Source data
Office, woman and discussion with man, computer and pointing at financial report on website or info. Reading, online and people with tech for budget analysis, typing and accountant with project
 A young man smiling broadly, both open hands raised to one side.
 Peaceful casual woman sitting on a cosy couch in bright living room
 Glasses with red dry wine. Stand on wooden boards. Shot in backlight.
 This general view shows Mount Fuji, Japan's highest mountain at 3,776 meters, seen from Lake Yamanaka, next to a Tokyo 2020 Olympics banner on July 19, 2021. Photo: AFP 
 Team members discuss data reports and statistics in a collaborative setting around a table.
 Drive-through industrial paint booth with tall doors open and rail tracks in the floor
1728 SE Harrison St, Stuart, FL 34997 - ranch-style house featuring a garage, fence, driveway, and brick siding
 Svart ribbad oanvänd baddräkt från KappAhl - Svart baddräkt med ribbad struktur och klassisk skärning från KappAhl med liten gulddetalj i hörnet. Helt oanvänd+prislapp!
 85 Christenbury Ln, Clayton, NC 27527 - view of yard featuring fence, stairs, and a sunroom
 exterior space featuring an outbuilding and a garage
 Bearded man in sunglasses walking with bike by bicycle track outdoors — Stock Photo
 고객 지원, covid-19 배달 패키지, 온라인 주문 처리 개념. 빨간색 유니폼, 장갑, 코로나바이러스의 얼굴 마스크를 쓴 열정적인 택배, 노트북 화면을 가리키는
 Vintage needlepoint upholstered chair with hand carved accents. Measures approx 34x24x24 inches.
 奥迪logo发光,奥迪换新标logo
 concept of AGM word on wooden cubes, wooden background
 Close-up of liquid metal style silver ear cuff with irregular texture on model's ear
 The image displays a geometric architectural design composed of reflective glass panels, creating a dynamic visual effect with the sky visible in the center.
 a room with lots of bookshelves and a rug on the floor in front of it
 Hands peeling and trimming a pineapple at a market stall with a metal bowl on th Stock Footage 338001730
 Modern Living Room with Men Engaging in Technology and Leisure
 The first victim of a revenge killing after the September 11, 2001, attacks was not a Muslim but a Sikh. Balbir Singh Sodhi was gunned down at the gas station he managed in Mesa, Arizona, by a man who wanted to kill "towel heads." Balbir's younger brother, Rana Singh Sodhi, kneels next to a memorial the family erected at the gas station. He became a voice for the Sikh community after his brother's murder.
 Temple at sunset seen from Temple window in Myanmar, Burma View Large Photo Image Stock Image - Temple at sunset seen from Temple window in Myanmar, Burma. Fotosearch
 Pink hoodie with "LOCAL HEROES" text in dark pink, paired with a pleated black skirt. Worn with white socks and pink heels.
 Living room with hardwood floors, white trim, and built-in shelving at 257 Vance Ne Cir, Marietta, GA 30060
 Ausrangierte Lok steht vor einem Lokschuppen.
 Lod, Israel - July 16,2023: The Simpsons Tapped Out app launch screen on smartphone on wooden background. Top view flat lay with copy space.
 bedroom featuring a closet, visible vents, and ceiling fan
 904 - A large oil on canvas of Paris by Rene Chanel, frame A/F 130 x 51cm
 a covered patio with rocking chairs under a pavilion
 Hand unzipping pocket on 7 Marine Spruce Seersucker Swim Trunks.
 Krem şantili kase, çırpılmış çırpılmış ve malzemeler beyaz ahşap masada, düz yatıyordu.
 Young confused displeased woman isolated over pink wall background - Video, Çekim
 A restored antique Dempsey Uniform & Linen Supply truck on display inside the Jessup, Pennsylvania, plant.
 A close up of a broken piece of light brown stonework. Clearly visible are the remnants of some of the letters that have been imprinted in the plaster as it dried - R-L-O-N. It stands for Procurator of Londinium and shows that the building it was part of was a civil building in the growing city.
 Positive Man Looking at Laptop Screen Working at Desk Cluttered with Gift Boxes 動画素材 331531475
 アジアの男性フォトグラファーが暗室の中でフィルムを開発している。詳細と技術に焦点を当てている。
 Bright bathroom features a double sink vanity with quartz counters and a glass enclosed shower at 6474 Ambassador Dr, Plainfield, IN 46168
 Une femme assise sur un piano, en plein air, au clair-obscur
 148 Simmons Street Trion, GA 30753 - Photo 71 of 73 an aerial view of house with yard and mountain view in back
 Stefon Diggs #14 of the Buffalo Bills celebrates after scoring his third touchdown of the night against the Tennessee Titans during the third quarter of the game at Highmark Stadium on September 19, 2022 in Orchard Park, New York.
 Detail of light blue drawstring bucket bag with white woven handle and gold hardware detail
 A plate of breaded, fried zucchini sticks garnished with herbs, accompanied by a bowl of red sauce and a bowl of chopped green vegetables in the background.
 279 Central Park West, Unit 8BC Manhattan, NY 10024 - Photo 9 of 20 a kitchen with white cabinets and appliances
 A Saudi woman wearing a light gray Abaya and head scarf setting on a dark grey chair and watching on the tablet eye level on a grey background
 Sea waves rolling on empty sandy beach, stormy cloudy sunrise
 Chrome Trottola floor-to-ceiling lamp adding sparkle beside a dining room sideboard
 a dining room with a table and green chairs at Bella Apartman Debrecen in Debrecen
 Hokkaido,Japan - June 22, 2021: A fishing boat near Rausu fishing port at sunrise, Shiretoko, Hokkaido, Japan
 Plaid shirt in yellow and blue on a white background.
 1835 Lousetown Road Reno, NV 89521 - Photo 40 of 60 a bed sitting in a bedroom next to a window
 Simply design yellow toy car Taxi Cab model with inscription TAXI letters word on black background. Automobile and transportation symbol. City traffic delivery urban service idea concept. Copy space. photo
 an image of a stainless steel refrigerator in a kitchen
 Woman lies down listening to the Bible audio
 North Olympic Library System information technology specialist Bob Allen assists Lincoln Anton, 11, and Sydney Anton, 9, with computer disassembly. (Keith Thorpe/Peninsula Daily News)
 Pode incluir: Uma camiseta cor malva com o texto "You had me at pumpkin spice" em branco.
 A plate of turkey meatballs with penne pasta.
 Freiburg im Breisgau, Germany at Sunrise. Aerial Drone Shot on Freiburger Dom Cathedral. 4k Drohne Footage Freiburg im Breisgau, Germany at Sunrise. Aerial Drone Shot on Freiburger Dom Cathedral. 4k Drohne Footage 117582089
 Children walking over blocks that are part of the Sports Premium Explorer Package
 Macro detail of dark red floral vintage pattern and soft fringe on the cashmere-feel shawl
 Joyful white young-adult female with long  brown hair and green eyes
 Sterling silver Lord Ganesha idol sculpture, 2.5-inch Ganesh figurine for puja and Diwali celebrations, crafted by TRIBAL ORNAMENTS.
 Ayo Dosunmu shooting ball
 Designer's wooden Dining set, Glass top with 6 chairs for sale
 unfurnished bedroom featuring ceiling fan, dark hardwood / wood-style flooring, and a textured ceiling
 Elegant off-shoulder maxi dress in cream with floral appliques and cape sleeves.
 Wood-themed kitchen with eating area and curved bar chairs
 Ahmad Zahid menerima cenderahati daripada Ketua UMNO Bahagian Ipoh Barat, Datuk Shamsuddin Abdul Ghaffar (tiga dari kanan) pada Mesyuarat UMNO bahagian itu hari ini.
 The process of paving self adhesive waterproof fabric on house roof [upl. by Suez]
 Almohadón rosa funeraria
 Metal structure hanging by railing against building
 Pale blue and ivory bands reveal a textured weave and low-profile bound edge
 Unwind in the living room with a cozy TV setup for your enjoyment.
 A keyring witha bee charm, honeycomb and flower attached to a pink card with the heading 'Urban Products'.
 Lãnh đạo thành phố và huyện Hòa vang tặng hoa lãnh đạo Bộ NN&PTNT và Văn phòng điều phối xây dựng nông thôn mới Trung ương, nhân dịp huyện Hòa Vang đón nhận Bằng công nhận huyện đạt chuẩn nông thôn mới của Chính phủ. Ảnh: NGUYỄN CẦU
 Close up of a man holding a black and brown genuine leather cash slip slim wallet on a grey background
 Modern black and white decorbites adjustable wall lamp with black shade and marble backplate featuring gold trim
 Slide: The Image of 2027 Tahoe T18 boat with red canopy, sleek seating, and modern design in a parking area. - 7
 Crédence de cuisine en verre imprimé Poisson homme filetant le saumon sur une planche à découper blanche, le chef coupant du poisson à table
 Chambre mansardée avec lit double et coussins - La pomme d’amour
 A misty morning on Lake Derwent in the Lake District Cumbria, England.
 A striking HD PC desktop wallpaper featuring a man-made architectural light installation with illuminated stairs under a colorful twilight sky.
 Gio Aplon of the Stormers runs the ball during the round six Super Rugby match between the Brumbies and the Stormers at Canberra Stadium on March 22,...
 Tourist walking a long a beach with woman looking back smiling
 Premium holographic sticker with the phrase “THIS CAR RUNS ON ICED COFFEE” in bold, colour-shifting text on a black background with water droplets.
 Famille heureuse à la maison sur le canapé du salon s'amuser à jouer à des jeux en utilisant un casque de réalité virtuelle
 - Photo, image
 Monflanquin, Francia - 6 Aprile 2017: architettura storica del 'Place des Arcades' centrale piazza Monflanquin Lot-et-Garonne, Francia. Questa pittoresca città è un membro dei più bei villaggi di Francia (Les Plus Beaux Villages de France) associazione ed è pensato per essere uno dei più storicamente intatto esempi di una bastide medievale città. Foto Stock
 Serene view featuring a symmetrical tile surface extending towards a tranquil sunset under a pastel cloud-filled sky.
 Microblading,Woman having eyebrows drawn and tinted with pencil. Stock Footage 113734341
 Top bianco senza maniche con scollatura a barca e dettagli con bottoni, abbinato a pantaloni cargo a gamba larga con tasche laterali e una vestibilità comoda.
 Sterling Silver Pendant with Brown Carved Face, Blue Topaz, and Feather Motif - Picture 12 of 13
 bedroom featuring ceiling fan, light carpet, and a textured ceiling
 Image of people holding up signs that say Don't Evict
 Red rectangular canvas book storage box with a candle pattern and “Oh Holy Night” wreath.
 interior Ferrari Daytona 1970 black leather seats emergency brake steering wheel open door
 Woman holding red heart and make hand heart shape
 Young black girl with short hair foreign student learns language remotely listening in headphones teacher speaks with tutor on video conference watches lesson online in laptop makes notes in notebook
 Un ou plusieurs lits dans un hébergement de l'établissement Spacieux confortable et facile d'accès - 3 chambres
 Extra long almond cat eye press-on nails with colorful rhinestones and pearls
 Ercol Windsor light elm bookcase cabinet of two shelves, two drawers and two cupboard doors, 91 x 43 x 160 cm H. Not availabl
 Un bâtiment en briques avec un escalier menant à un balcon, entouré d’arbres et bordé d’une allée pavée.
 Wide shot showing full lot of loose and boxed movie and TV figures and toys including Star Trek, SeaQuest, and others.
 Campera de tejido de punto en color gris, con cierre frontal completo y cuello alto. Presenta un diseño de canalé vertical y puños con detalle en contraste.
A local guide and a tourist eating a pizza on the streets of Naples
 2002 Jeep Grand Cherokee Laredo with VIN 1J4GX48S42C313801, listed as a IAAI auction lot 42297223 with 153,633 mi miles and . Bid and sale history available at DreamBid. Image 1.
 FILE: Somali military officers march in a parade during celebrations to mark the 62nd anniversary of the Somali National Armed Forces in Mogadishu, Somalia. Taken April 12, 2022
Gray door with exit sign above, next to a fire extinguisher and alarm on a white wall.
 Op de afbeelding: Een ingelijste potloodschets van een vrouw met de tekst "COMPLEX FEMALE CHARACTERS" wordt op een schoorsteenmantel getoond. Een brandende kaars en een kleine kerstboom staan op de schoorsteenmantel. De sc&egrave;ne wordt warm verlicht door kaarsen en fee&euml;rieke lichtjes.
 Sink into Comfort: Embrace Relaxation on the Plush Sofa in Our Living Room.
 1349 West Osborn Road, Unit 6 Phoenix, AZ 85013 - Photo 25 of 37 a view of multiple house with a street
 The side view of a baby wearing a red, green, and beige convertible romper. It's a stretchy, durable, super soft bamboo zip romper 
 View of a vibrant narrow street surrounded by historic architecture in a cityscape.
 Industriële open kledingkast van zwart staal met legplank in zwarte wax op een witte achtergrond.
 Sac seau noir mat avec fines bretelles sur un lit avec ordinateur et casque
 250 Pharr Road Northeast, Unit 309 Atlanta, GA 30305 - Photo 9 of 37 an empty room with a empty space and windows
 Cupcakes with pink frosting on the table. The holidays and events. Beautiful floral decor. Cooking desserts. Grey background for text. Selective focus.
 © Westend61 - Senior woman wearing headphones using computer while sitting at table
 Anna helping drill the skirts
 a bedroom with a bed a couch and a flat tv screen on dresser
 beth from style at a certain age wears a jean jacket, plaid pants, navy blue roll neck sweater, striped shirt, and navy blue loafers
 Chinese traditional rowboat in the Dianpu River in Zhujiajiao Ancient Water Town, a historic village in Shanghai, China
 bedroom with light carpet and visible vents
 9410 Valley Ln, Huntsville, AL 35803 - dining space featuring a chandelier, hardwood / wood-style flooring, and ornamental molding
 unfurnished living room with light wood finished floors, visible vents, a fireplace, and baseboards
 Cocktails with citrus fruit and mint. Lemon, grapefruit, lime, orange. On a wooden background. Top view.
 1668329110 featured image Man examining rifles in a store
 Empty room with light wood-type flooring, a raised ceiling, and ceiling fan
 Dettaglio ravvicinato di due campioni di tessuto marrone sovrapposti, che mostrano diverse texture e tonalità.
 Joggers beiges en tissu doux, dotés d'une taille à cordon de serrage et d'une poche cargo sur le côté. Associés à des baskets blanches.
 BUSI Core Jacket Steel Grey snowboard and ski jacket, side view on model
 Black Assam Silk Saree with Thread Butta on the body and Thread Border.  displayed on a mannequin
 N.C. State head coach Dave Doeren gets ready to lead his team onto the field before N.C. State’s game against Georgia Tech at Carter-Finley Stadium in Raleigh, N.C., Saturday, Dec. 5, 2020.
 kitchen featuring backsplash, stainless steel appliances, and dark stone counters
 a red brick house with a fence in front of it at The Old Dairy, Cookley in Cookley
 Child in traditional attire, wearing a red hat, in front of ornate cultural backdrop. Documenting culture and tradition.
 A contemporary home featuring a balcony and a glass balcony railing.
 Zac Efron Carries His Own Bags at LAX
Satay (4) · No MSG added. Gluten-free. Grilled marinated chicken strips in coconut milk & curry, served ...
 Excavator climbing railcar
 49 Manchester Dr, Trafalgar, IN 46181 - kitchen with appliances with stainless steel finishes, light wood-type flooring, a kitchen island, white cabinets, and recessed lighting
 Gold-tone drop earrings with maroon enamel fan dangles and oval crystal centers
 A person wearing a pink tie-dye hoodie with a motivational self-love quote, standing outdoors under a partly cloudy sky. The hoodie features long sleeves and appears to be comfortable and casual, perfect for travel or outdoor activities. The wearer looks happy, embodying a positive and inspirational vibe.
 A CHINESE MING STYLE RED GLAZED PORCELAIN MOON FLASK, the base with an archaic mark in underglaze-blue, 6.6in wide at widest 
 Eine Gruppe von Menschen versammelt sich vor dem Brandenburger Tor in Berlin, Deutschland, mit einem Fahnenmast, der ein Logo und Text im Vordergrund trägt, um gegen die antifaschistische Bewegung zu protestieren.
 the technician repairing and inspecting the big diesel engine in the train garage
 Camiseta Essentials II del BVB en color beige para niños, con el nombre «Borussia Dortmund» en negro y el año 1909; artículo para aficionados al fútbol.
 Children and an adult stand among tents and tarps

EXERCISE REQUIREMENTS
Could you state the number of lines above in which the word "bedroom" appears? Give that number by itself.

TASK RESULT
6